Challenges with Long Contexts
- While comprehensive context improves responses, excessively long contexts (e.g., millions of tokens, multiple tools, or extensive documents) can degrade performance. Issues include:
- Distraction: Irrelevant information diverts the LLM’s focus.
- Confusion: Overloaded context overwhelms the model, reducing clarity.
- Context Clashes: Contradictory information within the context leads to inconsistent outputs.
- Source: How Long Contexts Fail | Drew Breunig
Context Management Tactics
-
Effective context management follows the principle of “garbage in, garbage out”: high-quality, relevant context yields accurate responses. Below are key tactics to optimize context, inspired by How to Fix Your Context | Drew Breunig.
-
Retrieval-Augmented Generation (RAG)
- Description: Selectively fetches relevant, up-to-date external information to enrich the LLM’s context.
- Benefit: Enhances response accuracy without overloading the model.
- Example: For a query about recent news, RAG retrieves current articles instead of relying on static knowledge.
-
Tool Loadout Selection
- Description: Chooses only relevant tool definitions to include in the context, avoiding unnecessary complexity.
- Approaches:
- RAG for Tools: Use a retrieval system to match tools to the user’s query (e.g., selecting a calendar tool for scheduling queries).
- LLM-Powered Recommender: Prompt the LLM to identify which tools are needed for a task.
- Consideration: The number of tools impacts performance:
- Some models handle 20–30 tools effectively but struggle with hundreds.
- Example: For a query about scheduling, include only the calendar tool definition, not irrelevant tools like web search.
-
Context Quarantine
- Description: Isolates different contexts in separate processing threads, each with specific tools or data.
- Benefit: Prevents cross-contamination of contexts and reduces the risk of conflicting instructions.
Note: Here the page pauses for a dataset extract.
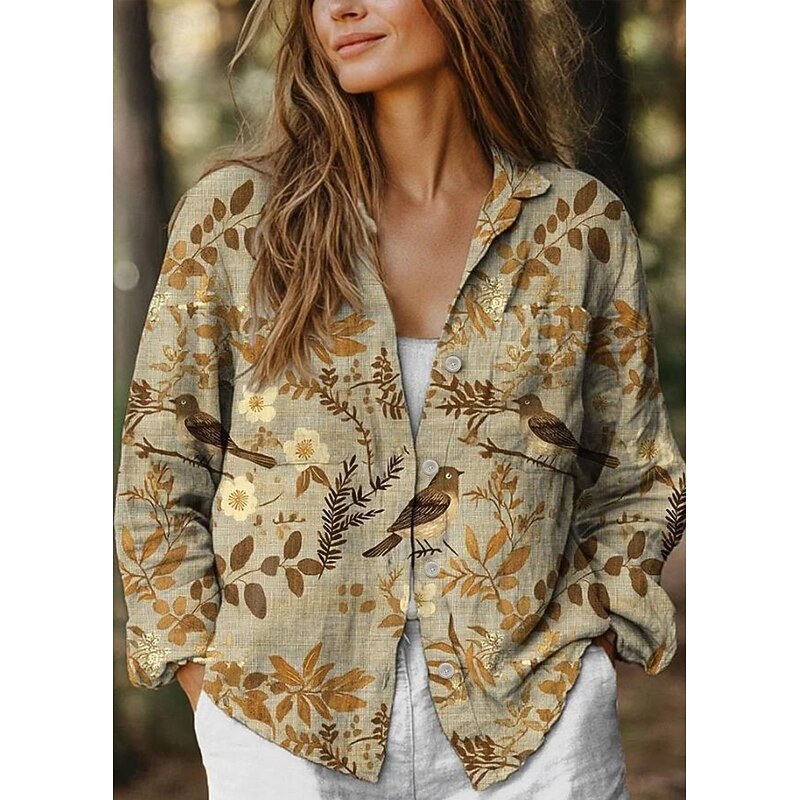 Women's Shirt Button Down Tunic Shirt Collar Long Sleeve Floral Graphic Stylish Casual Linen Like Regular Tops Daily Holiday Going out s Light Green Green Khaki Spring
- Example: Break a complex query into parallel tasks (e.g., one thread handles calendar data, another handles email drafting).
-
Context Pruning
- Description: Removes irrelevant or redundant information from the context to maintain focus.
- Benefit: Reduces noise, improving model efficiency and response accuracy.
- Example: Exclude outdated conversation history unrelated to the current query.
-
Context Summarization
- Description: Condenses large contexts (e.g., long conversation histories) into concise summaries.
- Benefit: Maintains essential information while reducing token count and complexity.
- Example: Summarize a multi-turn conversation into key points for the LLM to reference.
-
Context Offloading
- The "think" tool: Enabling Claude to stop and think \ Anthropic
- Description: Stores information externally via tools, retrieving it only when needed, rather than including it in the LLM’s context.
- Benefit: Reduces context size, especially for data not immediately relevant to the query.
- Example: Use a “think” tool to store intermediate data, as described in The "think" tool: Enabling Claude to stop and think | Anthropic.
- Use Case: When the model requires external data (e.g., database results) to formulate a response, offload processing to a tool that manages the data.